▶ [WORK INSTRUCTIONS]
After locating the line with "PremiumCord HDMI 2.0" below, output it and each following line exactly, stopping after the line with "The Dressmaker - Rosalie Ham". No pictures.

▶ [LISTED RECORDS]
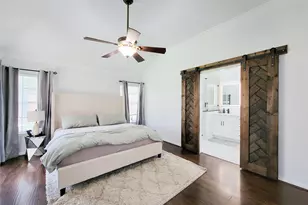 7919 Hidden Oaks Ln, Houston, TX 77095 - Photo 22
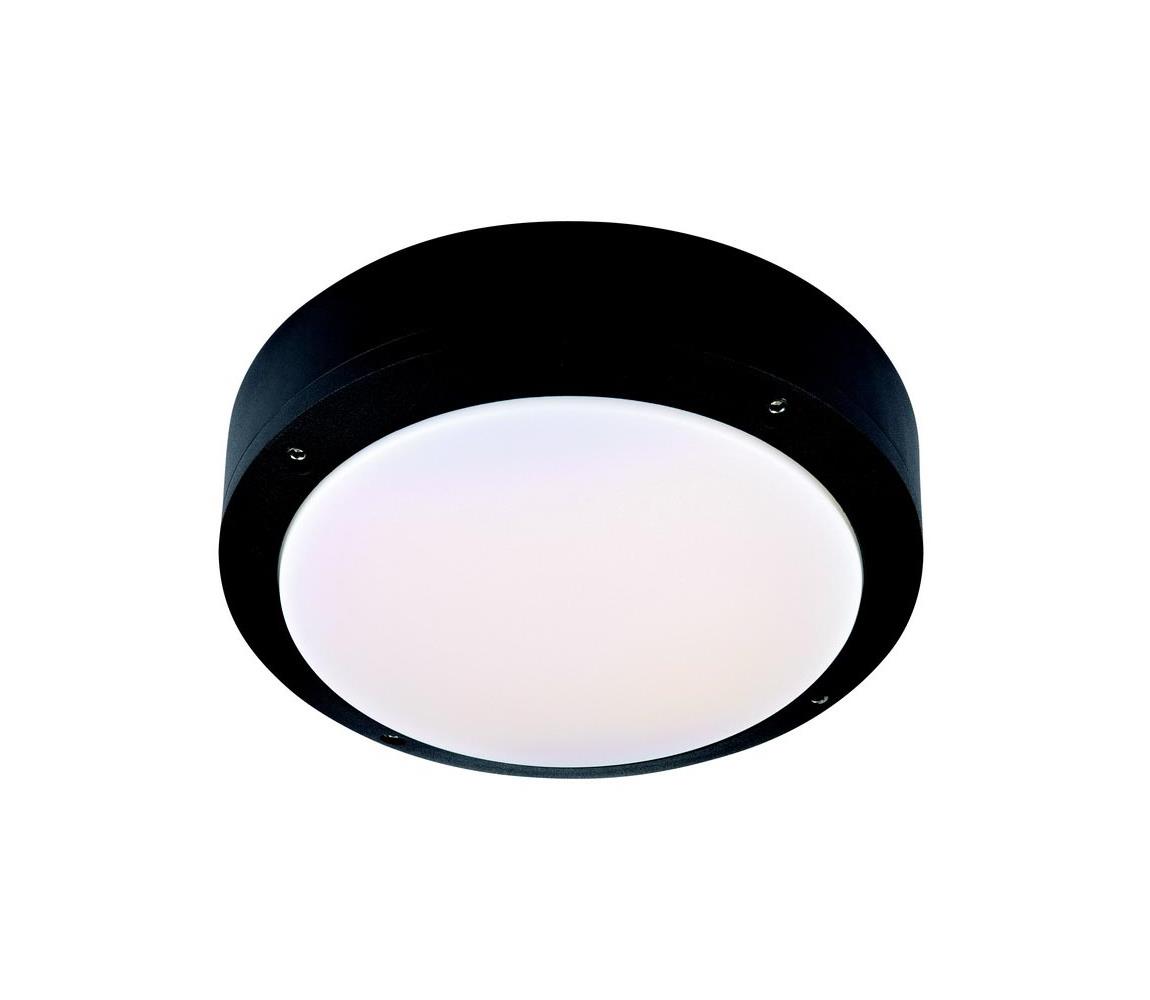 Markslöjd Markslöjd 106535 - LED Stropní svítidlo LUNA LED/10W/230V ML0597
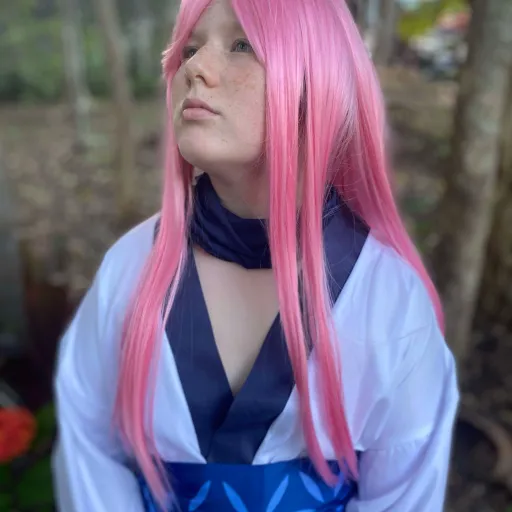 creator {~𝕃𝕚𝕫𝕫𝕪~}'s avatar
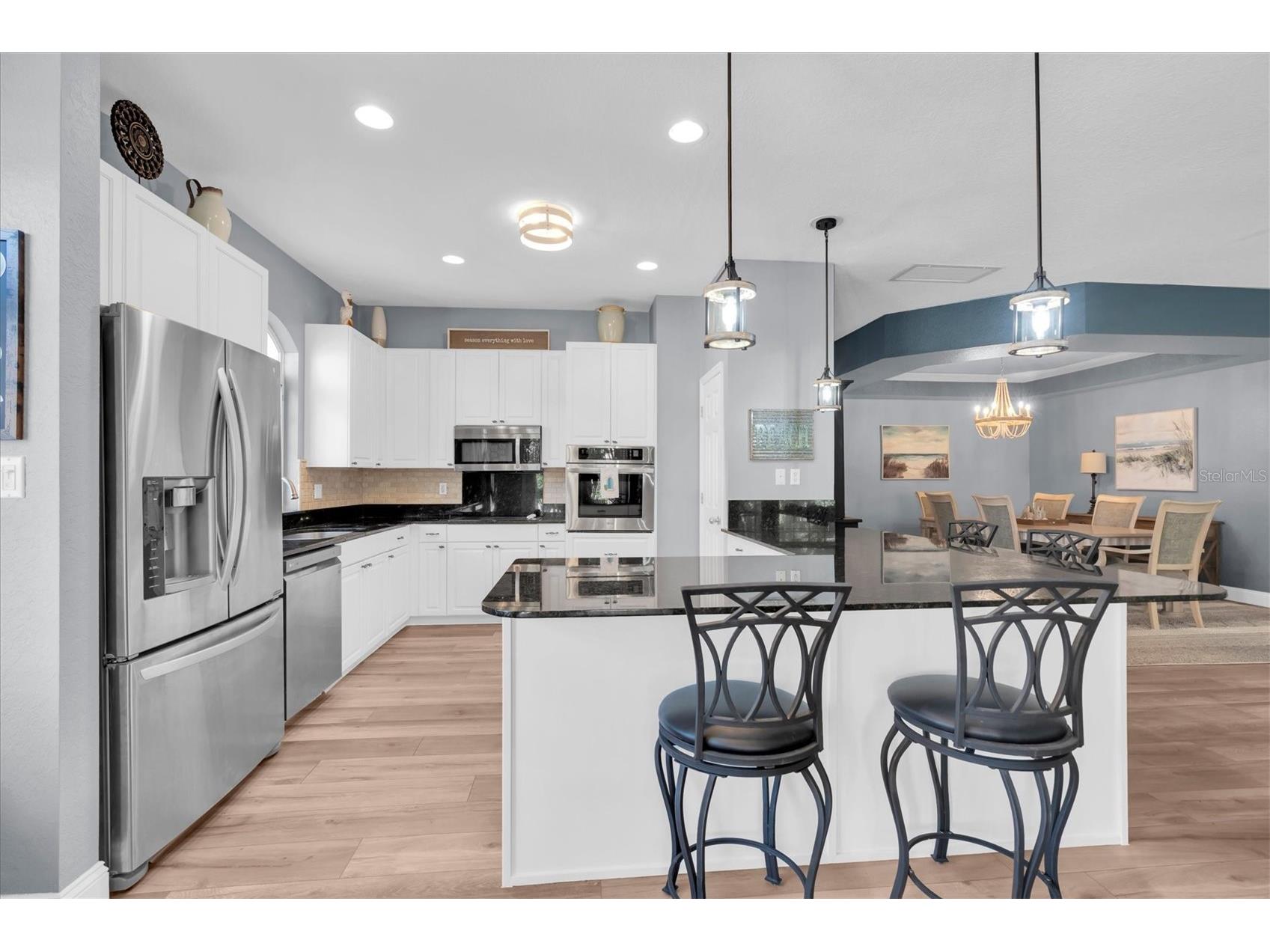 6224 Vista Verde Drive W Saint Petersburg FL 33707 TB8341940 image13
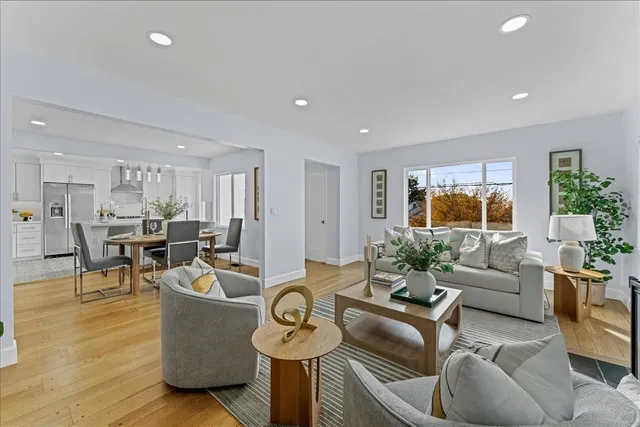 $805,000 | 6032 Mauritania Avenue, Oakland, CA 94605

* * *

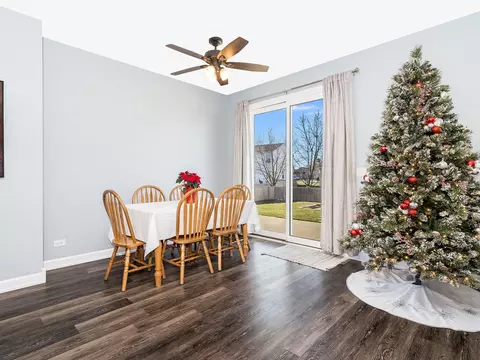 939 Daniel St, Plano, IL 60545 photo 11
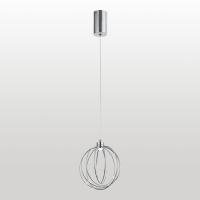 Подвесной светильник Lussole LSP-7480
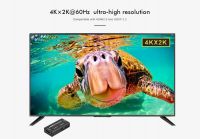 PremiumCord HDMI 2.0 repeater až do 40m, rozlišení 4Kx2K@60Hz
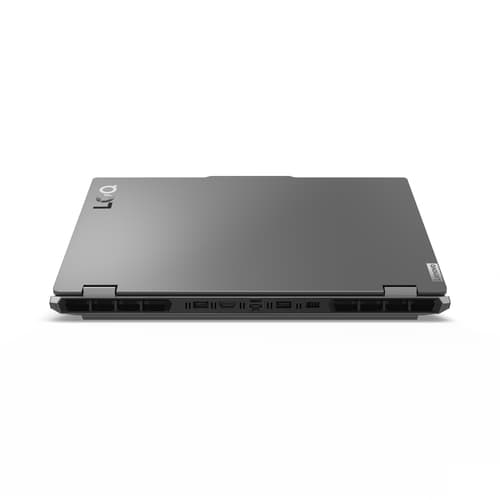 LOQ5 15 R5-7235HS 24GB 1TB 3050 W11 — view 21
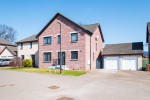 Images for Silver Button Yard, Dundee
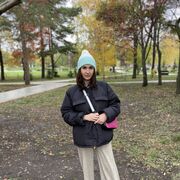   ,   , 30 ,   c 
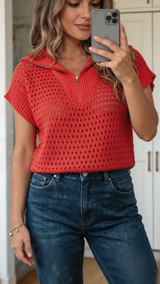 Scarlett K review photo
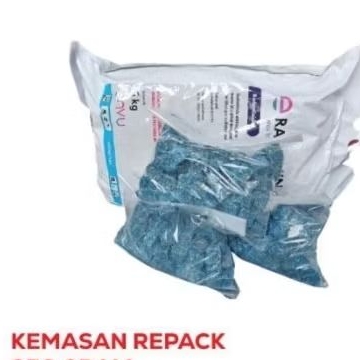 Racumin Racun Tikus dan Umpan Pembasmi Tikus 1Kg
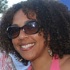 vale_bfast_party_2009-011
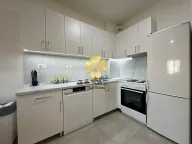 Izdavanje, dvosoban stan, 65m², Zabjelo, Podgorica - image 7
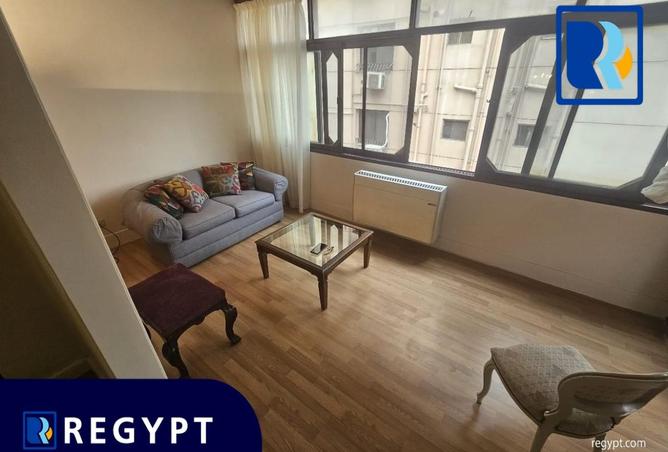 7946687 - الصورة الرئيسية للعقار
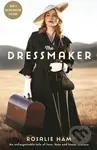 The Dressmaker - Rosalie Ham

--

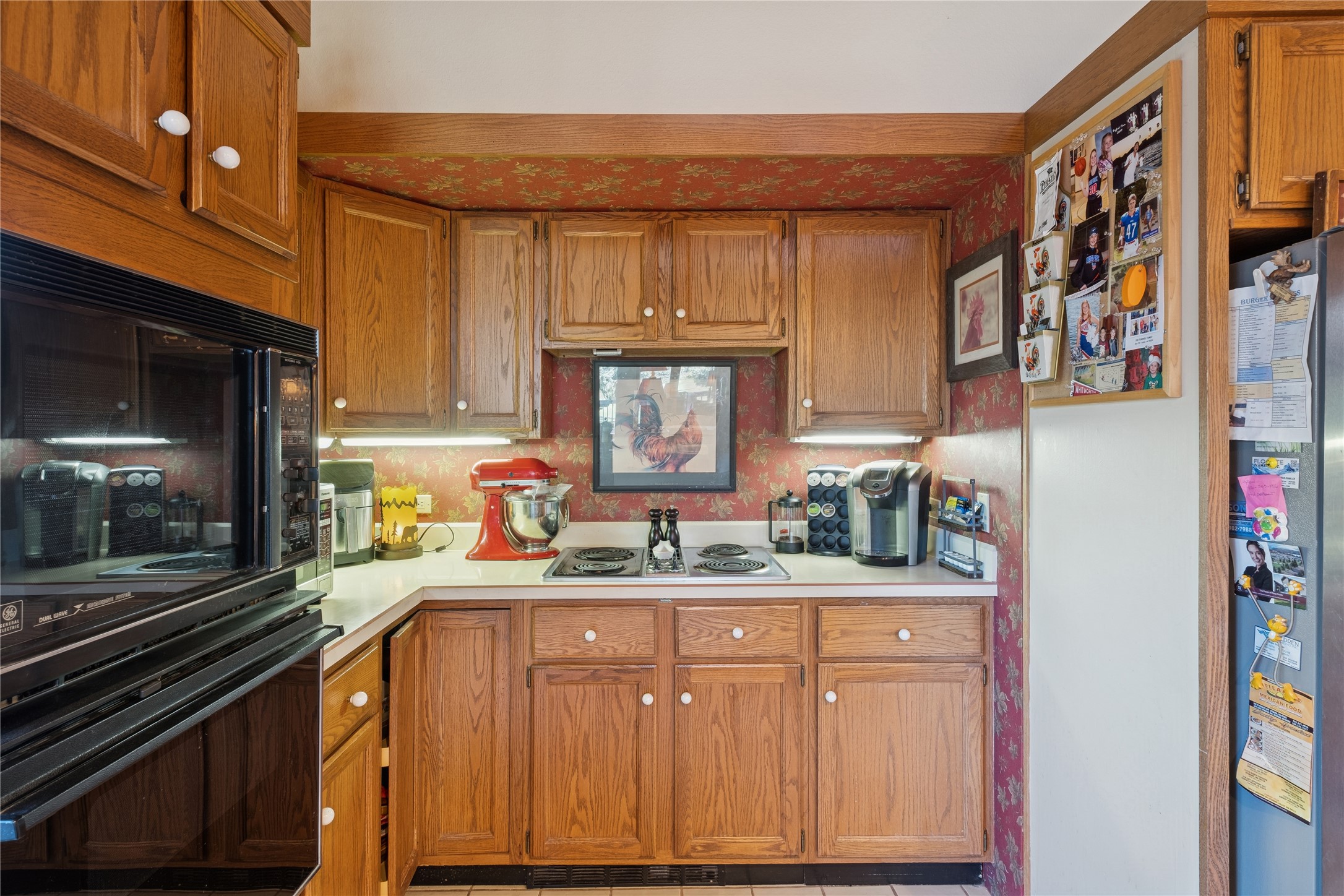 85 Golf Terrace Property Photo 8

▶ [EXERCISE RESPONSE]
 PremiumCord HDMI 2.0 repeater až do 40m, rozlišení 4Kx2K@60Hz
 LOQ5 15 R5-7235HS 24GB 1TB 3050 W11 — view 21
 Images for Silver Button Yard, Dundee
   ,   , 30 ,   c 
 Scarlett K review photo
 Racumin Racun Tikus dan Umpan Pembasmi Tikus 1Kg
 vale_bfast_party_2009-011
 Izdavanje, dvosoban stan, 65m², Zabjelo, Podgorica - image 7
 7946687 - الصورة الرئيسية للعقار
 The Dressmaker - Rosalie Ham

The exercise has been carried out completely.